First of all, we notice that: $$(a,b)=\bigcup_{a<x<b} [x,b).$$
Also, we notice that: $$(0,1)-\left\{\frac{1}{n} |\, n\in \mathbb{Z^+}\right\}=\left(\frac{1}{2},1\right)\cup \left(\frac{1}{3},\frac{1}{2}\right)\cup \left(\frac{1}{4},\frac{1}{3}\right)\cup \left(\frac{1}{5},\frac{1}{4}\right)\cup \ldots =$$
$$\bigcup_{a_i=1}^{\infty} \left\{ \left(\frac{1}{2a_i},\frac{1}{2a_i-1}\right)\bigcup\left(\frac{1}{2a_i+1},\frac{1}{2a_i}\right)\right\}$$
We also can express every basis element of $\mathbb{R_k}$ of the form $(a,b)-K$ in a similar way to $(0,1)$.

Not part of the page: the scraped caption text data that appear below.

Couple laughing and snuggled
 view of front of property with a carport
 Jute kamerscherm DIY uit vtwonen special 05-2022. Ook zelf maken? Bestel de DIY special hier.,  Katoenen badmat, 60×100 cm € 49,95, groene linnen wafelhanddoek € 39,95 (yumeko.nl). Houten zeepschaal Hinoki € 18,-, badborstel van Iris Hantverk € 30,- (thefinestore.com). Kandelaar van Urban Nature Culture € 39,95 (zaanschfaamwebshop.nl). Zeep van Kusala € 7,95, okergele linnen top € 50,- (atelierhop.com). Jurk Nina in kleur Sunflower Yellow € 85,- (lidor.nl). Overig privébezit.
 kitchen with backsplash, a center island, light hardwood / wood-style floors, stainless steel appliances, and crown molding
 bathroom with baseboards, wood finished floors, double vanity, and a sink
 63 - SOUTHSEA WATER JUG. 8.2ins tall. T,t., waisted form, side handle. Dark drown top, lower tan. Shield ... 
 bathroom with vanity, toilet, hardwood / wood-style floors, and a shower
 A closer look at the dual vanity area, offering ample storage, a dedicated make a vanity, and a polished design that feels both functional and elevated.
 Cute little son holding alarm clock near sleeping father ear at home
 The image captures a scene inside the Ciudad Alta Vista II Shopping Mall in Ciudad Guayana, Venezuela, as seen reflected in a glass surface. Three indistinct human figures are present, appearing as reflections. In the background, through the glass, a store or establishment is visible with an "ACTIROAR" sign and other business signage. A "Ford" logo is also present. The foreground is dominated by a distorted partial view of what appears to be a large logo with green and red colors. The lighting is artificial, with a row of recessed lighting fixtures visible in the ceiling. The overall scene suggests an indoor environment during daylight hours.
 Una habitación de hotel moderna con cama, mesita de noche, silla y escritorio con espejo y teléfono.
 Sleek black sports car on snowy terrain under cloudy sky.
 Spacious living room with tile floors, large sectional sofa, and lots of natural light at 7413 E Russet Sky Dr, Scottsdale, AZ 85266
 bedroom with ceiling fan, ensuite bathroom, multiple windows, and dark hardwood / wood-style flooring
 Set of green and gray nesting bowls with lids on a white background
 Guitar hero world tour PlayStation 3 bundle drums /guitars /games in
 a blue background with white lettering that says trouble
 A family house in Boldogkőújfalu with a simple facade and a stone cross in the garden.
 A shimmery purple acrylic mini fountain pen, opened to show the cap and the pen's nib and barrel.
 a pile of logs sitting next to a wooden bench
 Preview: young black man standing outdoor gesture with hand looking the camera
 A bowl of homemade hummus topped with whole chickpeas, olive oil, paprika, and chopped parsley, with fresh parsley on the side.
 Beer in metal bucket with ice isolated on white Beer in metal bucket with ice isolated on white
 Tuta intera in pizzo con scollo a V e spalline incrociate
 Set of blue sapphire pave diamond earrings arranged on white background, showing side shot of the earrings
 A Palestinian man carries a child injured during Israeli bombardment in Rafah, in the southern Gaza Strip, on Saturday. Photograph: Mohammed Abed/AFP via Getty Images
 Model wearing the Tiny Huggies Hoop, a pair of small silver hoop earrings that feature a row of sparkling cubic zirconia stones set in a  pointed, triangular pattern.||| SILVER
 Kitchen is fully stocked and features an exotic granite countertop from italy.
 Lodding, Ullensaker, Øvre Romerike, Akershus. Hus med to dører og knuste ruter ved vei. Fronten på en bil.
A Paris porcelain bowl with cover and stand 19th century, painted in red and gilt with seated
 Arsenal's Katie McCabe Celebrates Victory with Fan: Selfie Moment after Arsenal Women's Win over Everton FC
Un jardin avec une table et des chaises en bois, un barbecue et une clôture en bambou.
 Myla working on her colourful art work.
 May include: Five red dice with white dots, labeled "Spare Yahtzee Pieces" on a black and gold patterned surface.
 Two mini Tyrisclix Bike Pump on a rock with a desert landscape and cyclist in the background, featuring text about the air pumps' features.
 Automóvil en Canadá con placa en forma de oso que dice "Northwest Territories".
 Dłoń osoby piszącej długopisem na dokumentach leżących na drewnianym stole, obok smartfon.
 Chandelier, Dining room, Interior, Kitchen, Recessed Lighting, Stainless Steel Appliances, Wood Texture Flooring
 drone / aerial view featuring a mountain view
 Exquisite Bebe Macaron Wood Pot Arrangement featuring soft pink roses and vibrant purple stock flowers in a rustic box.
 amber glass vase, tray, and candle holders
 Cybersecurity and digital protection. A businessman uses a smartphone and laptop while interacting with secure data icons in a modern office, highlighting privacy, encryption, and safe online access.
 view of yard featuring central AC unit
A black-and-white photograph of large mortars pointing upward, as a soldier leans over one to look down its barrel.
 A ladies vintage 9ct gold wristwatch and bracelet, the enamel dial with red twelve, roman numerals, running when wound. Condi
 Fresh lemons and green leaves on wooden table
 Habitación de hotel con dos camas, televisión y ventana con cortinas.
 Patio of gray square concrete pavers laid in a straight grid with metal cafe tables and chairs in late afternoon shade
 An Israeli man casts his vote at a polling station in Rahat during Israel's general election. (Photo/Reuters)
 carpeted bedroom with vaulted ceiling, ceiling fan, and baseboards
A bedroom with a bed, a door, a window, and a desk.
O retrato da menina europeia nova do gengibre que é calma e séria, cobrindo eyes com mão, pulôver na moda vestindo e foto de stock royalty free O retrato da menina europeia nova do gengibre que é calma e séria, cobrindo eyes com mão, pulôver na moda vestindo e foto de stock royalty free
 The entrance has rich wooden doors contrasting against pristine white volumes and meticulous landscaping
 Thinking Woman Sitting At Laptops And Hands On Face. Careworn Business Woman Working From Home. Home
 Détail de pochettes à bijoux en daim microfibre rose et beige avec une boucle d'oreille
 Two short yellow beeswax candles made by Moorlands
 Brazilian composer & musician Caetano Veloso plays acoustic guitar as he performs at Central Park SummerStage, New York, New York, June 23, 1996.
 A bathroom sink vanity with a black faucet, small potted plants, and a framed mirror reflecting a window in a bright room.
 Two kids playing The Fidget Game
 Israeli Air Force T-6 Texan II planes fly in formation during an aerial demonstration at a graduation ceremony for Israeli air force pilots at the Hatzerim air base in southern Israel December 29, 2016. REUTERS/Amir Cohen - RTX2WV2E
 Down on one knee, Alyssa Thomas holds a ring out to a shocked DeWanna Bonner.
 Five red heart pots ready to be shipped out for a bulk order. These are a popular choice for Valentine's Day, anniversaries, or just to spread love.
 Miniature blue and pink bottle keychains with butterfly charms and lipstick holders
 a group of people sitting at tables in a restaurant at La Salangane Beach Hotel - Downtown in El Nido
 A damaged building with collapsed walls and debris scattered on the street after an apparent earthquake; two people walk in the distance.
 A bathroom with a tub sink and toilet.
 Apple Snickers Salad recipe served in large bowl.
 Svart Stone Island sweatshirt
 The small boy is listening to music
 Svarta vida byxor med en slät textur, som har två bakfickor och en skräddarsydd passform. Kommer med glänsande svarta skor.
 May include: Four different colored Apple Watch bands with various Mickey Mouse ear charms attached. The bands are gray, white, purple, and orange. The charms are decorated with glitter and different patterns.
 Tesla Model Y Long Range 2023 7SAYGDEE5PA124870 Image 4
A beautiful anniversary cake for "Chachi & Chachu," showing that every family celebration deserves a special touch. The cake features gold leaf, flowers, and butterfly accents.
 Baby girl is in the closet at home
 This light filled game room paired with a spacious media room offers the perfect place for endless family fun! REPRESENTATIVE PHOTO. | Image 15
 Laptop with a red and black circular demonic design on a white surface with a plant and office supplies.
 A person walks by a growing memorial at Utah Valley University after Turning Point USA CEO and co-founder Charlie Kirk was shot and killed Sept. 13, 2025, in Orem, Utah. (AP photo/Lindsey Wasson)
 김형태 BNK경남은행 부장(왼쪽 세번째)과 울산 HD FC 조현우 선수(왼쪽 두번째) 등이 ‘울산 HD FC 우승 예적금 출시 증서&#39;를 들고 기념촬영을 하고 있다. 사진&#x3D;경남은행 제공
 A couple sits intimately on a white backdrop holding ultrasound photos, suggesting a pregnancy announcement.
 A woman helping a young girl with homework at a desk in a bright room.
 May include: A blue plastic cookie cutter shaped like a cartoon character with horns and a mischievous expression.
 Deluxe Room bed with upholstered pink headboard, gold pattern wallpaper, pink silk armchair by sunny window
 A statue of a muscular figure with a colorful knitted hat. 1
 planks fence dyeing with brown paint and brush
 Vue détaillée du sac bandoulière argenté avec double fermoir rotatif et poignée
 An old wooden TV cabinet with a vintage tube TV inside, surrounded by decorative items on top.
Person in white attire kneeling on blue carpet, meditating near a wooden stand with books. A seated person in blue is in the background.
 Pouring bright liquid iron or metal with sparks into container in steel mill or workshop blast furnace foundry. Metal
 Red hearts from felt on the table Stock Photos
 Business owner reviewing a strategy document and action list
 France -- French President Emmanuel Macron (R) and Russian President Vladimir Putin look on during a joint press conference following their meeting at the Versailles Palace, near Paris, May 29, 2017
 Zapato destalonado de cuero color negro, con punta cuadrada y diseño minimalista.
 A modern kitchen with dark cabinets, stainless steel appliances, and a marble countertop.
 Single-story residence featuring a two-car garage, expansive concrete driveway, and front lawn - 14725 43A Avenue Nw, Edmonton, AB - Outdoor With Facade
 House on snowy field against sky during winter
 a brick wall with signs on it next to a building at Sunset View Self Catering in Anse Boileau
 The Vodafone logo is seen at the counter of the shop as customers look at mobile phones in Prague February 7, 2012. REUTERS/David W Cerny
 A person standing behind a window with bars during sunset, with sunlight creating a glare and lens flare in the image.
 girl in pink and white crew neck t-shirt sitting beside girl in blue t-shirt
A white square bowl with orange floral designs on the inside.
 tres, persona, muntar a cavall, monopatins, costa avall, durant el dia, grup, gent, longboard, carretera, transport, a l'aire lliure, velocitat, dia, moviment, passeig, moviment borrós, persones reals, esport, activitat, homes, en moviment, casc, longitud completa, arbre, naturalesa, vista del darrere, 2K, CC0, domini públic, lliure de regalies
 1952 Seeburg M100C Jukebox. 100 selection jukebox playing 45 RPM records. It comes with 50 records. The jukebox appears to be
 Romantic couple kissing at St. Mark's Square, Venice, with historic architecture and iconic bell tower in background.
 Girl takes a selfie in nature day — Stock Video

So every element of $\mathbb{R_k}$ can be expressed as a union of open intervals. But, we can express any open interval as a union of intervals of the form $[x,b)$ as we have done in the beginning . So, we conclude that every element in $\mathbb{R_k}$ is expressible using elements of $\mathbb{R_L}$. So $\mathbb{R_L}$ is finer than $\mathbb{R_k}$.
My question is, what is the wrong with my presentation? I know that there is a proof for that both topologies are not comparable and it convinced me but I can't find where my way of thinking went wrong, any help is appreciated.